For the data that follows, return each line unchanged and drop the pictures.

- - - - -

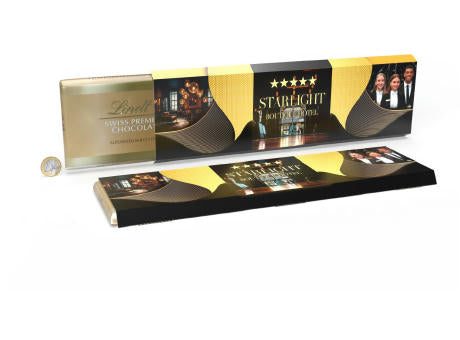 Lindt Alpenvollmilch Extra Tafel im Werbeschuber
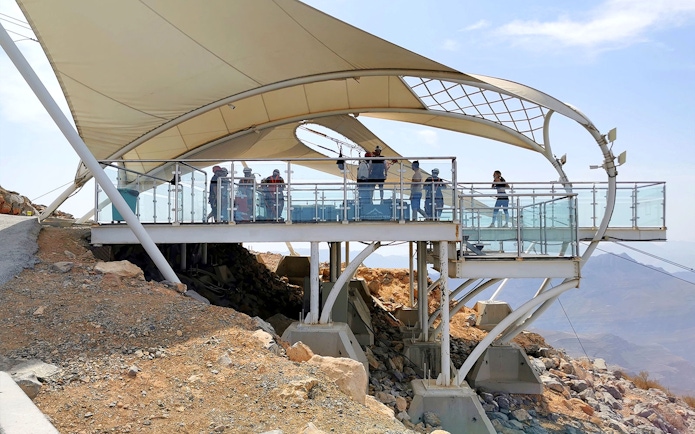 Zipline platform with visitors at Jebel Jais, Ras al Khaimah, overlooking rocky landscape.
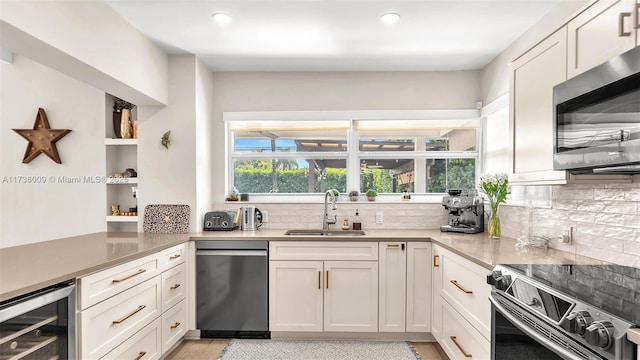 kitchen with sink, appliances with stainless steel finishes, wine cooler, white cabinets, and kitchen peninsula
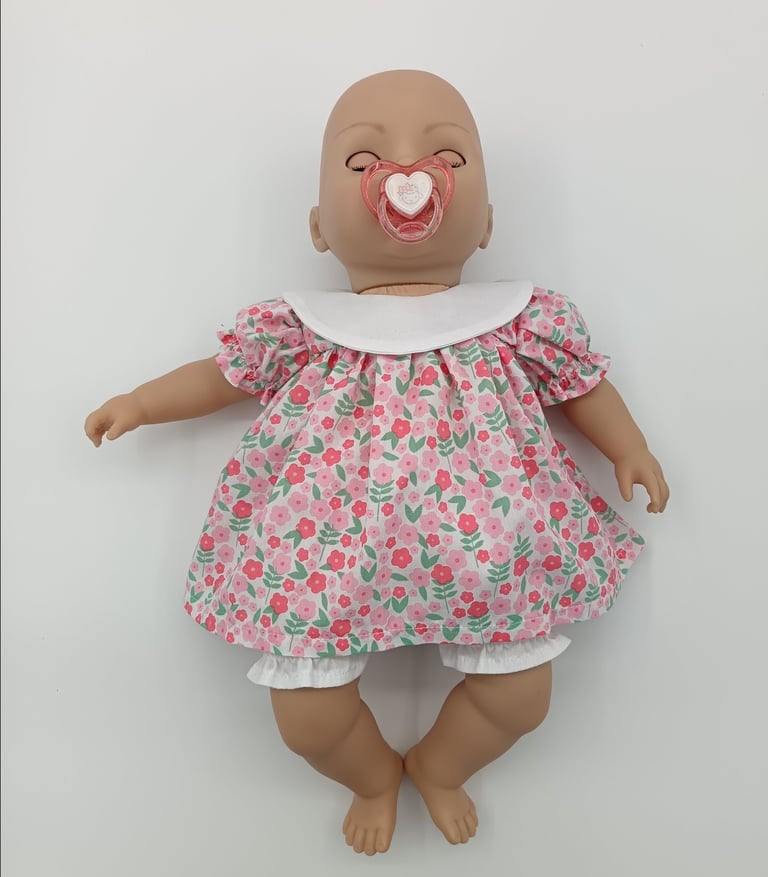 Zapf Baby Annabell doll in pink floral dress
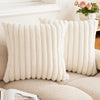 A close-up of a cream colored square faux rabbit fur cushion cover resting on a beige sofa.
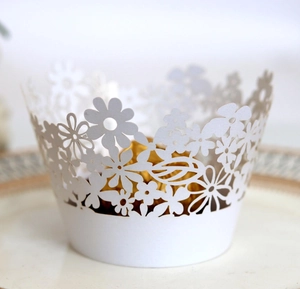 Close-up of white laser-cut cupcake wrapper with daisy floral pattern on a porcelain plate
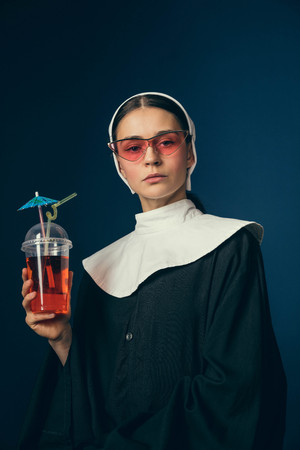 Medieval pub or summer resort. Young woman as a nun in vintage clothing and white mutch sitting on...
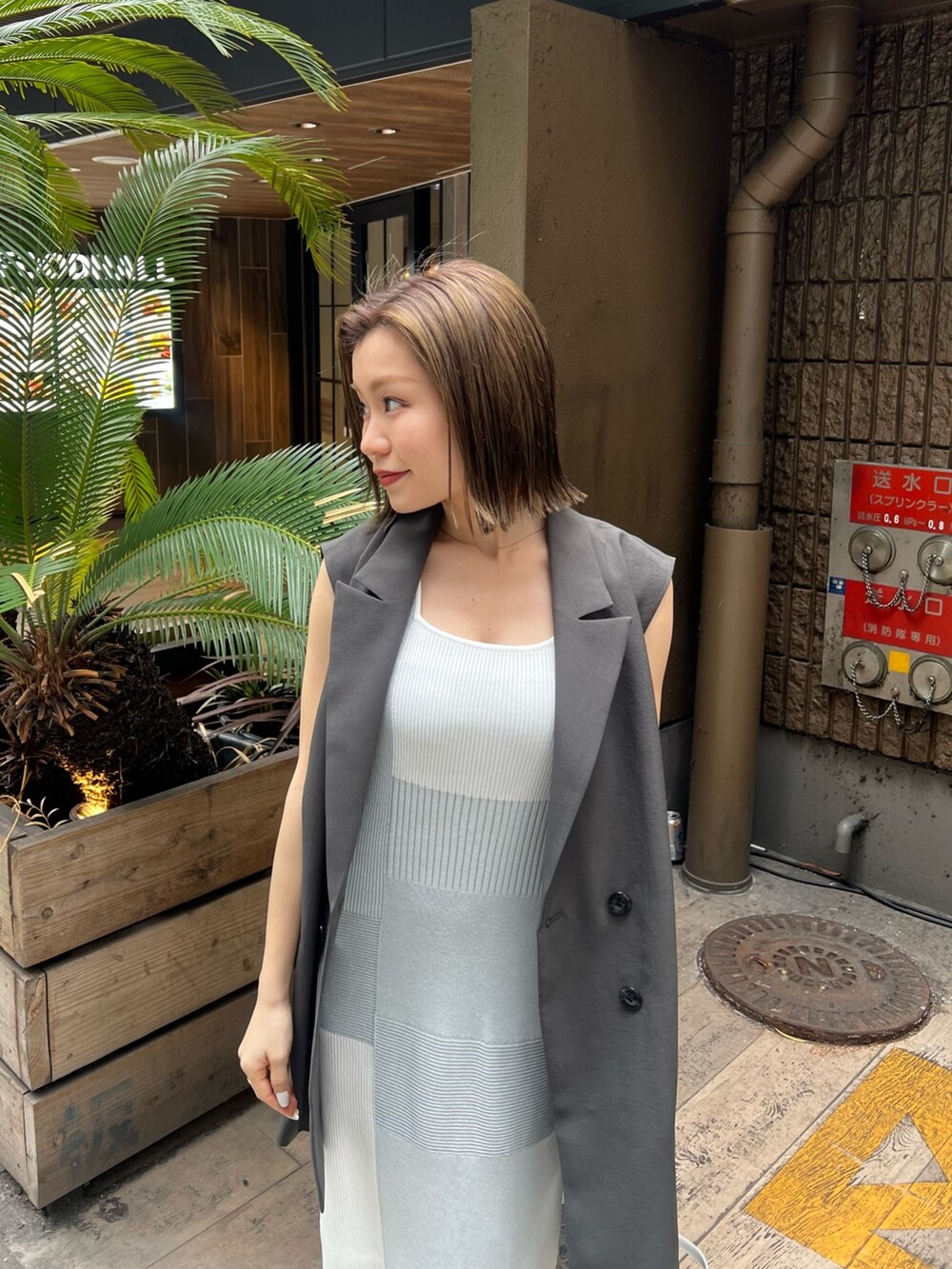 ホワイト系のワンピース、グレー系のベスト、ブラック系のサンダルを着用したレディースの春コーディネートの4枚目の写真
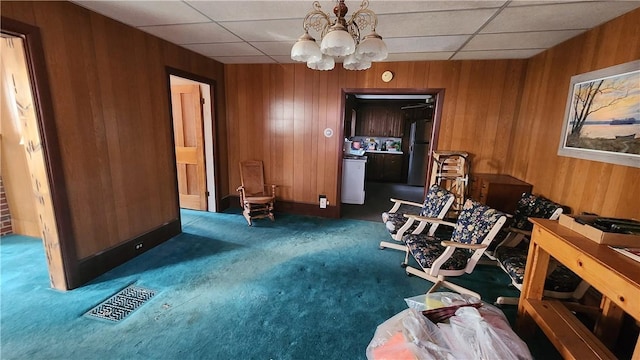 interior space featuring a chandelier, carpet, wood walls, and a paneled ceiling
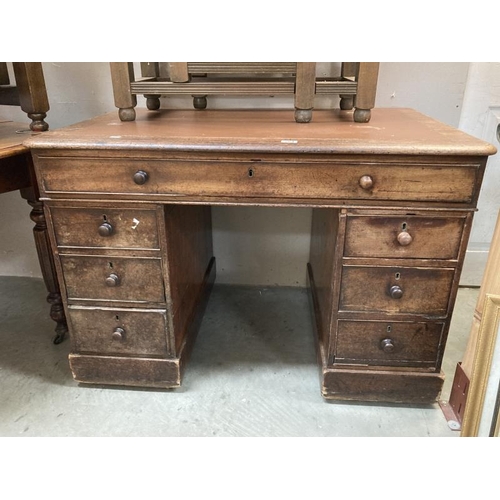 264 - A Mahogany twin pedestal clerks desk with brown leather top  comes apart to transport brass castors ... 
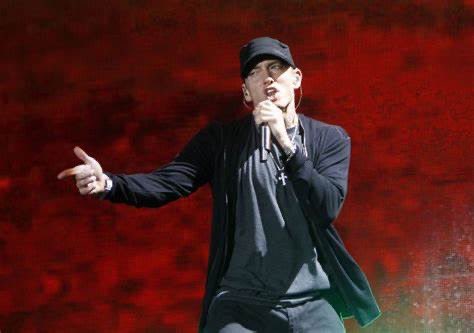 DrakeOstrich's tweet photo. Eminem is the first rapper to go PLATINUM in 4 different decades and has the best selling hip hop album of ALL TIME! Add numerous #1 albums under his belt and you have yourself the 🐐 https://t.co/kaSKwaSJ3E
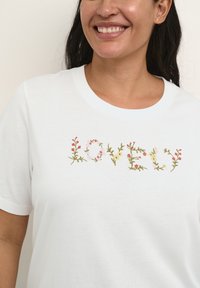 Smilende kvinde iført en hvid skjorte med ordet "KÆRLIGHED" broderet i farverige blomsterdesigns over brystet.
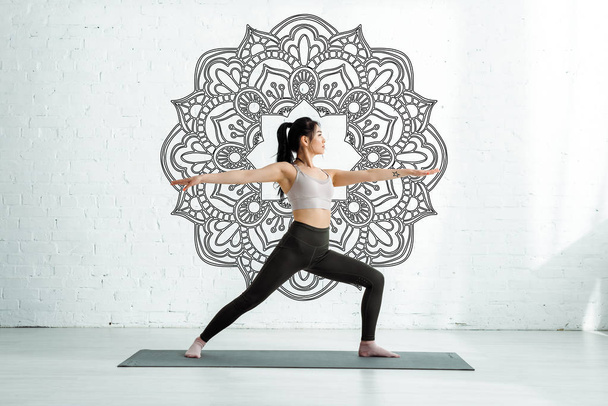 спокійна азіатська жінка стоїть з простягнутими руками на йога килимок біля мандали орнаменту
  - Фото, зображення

- - - - -

[SOLUTION TO THIS TASK]:
 Lindt Alpenvollmilch Extra Tafel im Werbeschuber
 Zipline platform with visitors at Jebel Jais, Ras al Khaimah, overlooking rocky landscape.
 kitchen with sink, appliances with stainless steel finishes, wine cooler, white cabinets, and kitchen peninsula
 Zapf Baby Annabell doll in pink floral dress
 A close-up of a cream colored square faux rabbit fur cushion cover resting on a beige sofa.
 Close-up of white laser-cut cupcake wrapper with daisy floral pattern on a porcelain plate
 Medieval pub or summer resort. Young woman as a nun in vintage clothing and white mutch sitting on...
 ホワイト系のワンピース、グレー系のベスト、ブラック系のサンダルを着用したレディースの春コーディネートの4枚目の写真
 interior space featuring a chandelier, carpet, wood walls, and a paneled ceiling
 264 - A Mahogany twin pedestal clerks desk with brown leather top  comes apart to transport brass castors ... 
 DrakeOstrich's tweet photo. Eminem is the first rapper to go PLATINUM in 4 different decades and has the best selling hip hop album of ALL TIME! Add numerous #1 albums under his belt and you have yourself the 🐐 https://t.co/kaSKwaSJ3E
 Smilende kvinde iført en hvid skjorte med ordet "KÆRLIGHED" broderet i farverige blomsterdesigns over brystet.
 спокійна азіатська жінка стоїть з простягнутими руками на йога килимок біля мандали орнаменту
  - Фото, зображення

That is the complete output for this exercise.